In June, the consumer price index stood 2.9 percent higher than a year-earlier, up from a 2.1 percent pace at the start of the year. Much of that upward thrust has come from climbing energy prices, but even excluding often-volatile food and energy items, the inflation rate has crept up. In June, the core CPI increased 2.3 percent from a year earlier, matching the strongest annual inflation rate since the recession. Despite the headlines, tariffs have not been much of a factor yet, as the volume of goods subjected to the tax prior to June carries a negligible weight in the consumer price index. That could change going forward if the Trump administration follows through with its threat to include nearly all of the $500 billion in goods imported from China as well as on automotive imports from Europe and Japan.

Aside from aberrational gyrations in wireless telephone service prices and other transitory influences, the upward move in inflation is coming from organic sources, much as former Fed chair Janet Yellen predicted a year ago when the inflation rate was moving lower. A buildup of inflation pressures is a natural byproduct of an economy that is in the tenth year of an expansion and whose product and labor resources are being stretched to the limit. With no recession in sight, at least until 2020 barring an unexpected shock, those pressures should continue to build. We suspect that the inflation rate, as measured by the consumer price index, will be flirting with 3.0 percent before long, bolstered by the rollout of higher tariffs in coming months. That prospect, however, is hardly alarming to bond investors, as the 10-year Treasury yield closed out the week at 2.84 percent, precisely where it stood prior to the release of the latest consumer price reports.

One reason for this lackadaisical response is that market participants simply do not think upward price pressures will be sustained over the longer haul. Indeed, the so-called breakeven rates, which measure the market's inflation expectations over time, are pricing in lower inflation beyond this year. The spread between 5- and 10-year Treasury securities and their TIPS counterpart currently stands at 2.07 and 2.11 percent, respectively, which is well below market inflation expectations during the late stage of the previous expansion when, incidentally, the core inflation rate was actually lower than it is now. Nor is it just bond traders that are unfazed about future inflation prospects; most surveys indicate that household inflation expectations also remain well anchored. In its latest survey on household sentiment released Friday, the University of Michigan reported that 5-10 year inflation expectations slipped from 2.6 to 2.4 percent in July, remaining in the 2.4-2.6 percent range for 19 consecutive months.

The benign inflation outlook among bond investors and households is not particularly surprising.

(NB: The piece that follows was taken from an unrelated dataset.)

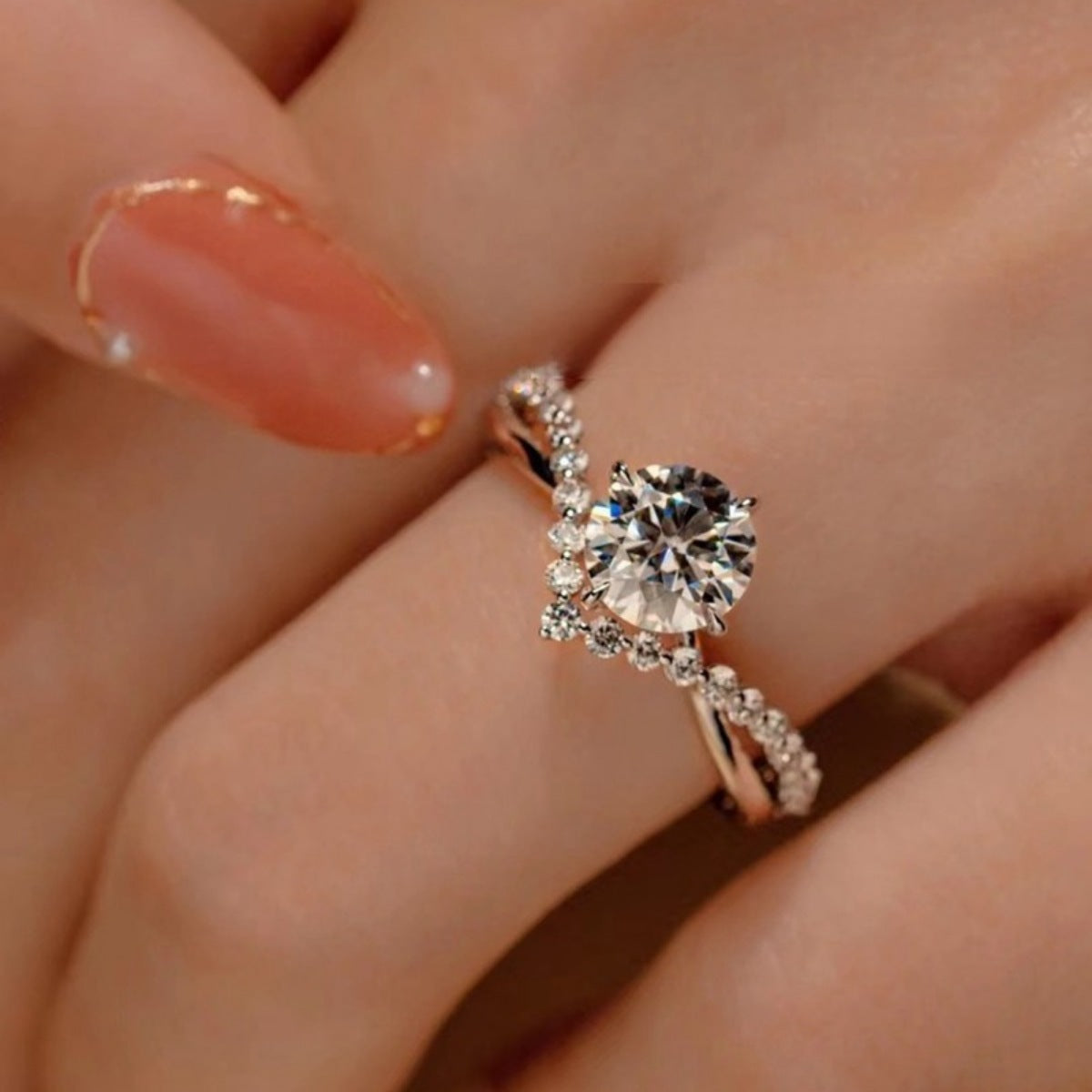 1 Carat Moissanite 925 Sterling Silver Ring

To be sure, the narrow breakeven spread probably reflects influences other than inflation expectations. Long-term yields are being artificially depressed by a slew of factors, including central bank actions, wide interest rate disparities across national borders and capital flight into dollar-denominated assets. But even extracting those components from the spread, breakeven rates would still not be rising at the same pace as actual inflation, if at all. Simply put, bond investors are not convinced that the economy has the firepower to ignite a sustained inflation buildup. With growth expected to slow over the balance of this year and next, price pressures are expected to ease as well. What's more, the market has faith in the Federal Reserve's inflation-fighting credentials. As growth has exceeded expectations in the second quarter, so too has the market priced in a higher probability of a Fed rate increase in December.

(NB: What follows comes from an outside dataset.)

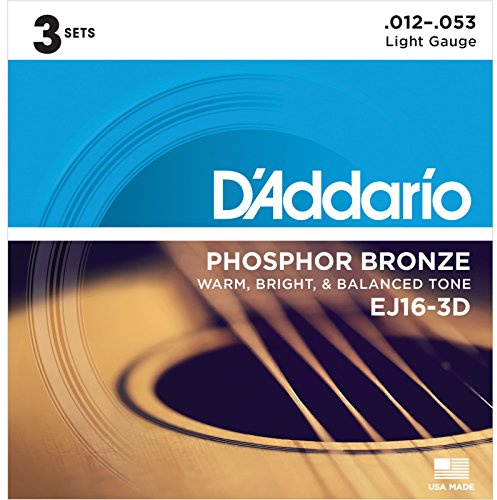 D'addario Ej16-3d 12-53 Phosphor Bronze Light, 3 Pack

For households, a number of possible factors are restraining inflation expectations. The historical record is one. Inflation has been down for so long that only recently has the fear of deflation been extinguished. This is the opposite of the hyper-inflation mindset that gripped households from the late 1960s to the early 1980s, when unchecked inflation nourished by a guns-and-butter fiscal policy and an enabling monetary policy convinced households that higher inflation was here to stay. That, in turn, shaped purchasing behavior, encouraging consumers to buy in advance of future price increases, which, of course, became a self-fulfilling prophecy. However, following more than two decades of stable inflation ranging between 2 and 3 percent, the urge to get ahead of price increases has been quenched. For years following the Great Recession, inflation receded so far that policy makers feared consumer behavior would be guided more by deflationary expectations, resulting in delayed purchases that would send the economy onto a pernicious downward spiral.

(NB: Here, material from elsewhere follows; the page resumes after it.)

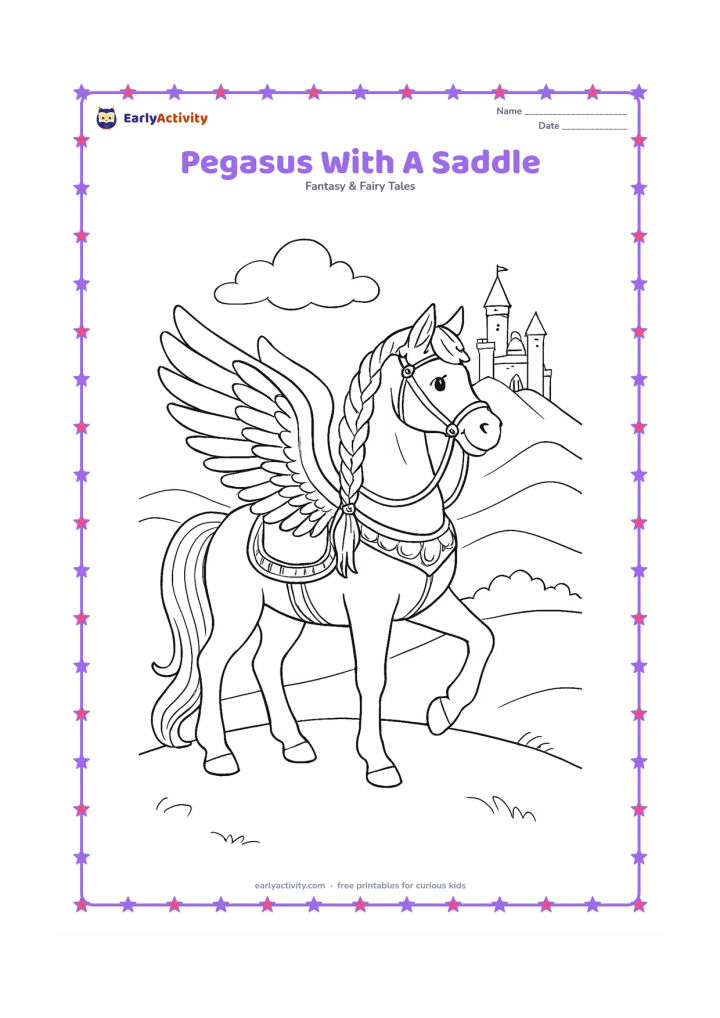 Colouring page: Draw a proud pegasus standing on a hill wearing a detailed but friendly saddle and bridle, with layered feathers, a braided mane and a long tail. Place a castle on a distant mountain…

For another, worker earnings have barely kept up with even the modest increase in inflation. Indeed, the 2.9 percent increase in the consumer price index over the past year has eaten up all of the growth in worker pay. Hence, real average hourly earnings of all private sector workers show no gain in the twelve months through June, robbing households of the increased purchasing power needed to get a leg up on future price increases even if they wanted to. No doubt, this restraint on hourly pay has been mitigated by robust job gains and longer working hours that have generated a modest increase in real weekly paychecks. As well, tax cuts have given a sizeable boost to disposable incomes this year, providing households with discretionary funds to sustain spending on big-ticket items, like autos. But the tax reduction is a one-time boost to purchasing power that will wane over time and the slim gain in real weekly paychecks is hardly sufficient to juice a demand-driven upsurge in inflation.


Meanwhile, inflationary expectations are being held in check by structural changes in the economy that continue to gain traction. Most important is the rapid ascendance of e-commerce shopping, which has doubled its share of retail sales since 2011. Amazon and Ebay are the primary catalysts, but brick-and-mortar stores are increasingly getting into the act. The inflation-retarding impact of this trend is twofold. First, prices of goods purchased online are almost always lower than those bought at brick-and-mortar establishments. Second, the enhanced ability to comparison shop via the Internet drives consumers to the lowest price alternative. This transparency, in turn, stokes competitive pricing throughout the retail sector, eviscerating the pricing power of firms that would prevail in a less transparent shopping environment.

The bad news for households is that the restraint on pricing power forces companies to keep a lid on costs to retain profitability. Their biggest expense, of course, is labor, which amplifies the effort of employers to resist aggressive wage demands of workers. However, this is getting harder to do as the job market continues to tighten. True, the low unemployment rate overstates the tightness in the labor market, given the still-low labor force participation rate even after adjusting for demographic trends. But there is no question that the demand for workers is outstripping the available supply, and companies will have to pay up to lure workers off the sidelines or from other firms. The latest data from the Labor Department and the National Federation of Independent Business reveal that unfilled job openings are at or hovering near record highs.

One sign of a tightening job market is that workers are quitting at an accelerated pace. In May, the latest month available, the quit rate rose to the highest level since early 2001, indicating that workers are extremely confident about landing a new and better position elsewhere. When they move, the odds are that they will also receive a sizeable pay boost over and above what they would receive by staying put. The Federal Reserve Bank of Atlanta compiles a wage tracker that clearly shows this discrepancy. In May, the annual wage growth of quitters was more than 20 percent greater than for all workers. Relative to job stayers, the discrepancy was dramatically wider, reaching 44 percent. With more job openings than job searchers and workers quitting their jobs in droves, the pressure on companies to lift wages should only get stronger.


While growth likely peaked in the second quarter, the slowdown towards a 2-2.5 percent trend should not short-circuit the upward pressure on wages and prices over the balance of the year. Nor should it stop the Fed from executing four rate increases this year, with the last two expected in September and December. However, the slowdown combined with a vigilant monetary policy geared towards keeping the economy and inflation on an even keel should also restrain inflation expectations. That, in turn, should keep the bond vigilantes at bay, although a gradual climb in bond yields would be consistent with the expected modest increase in inflation as the economy moves through the late stage of the business cycle.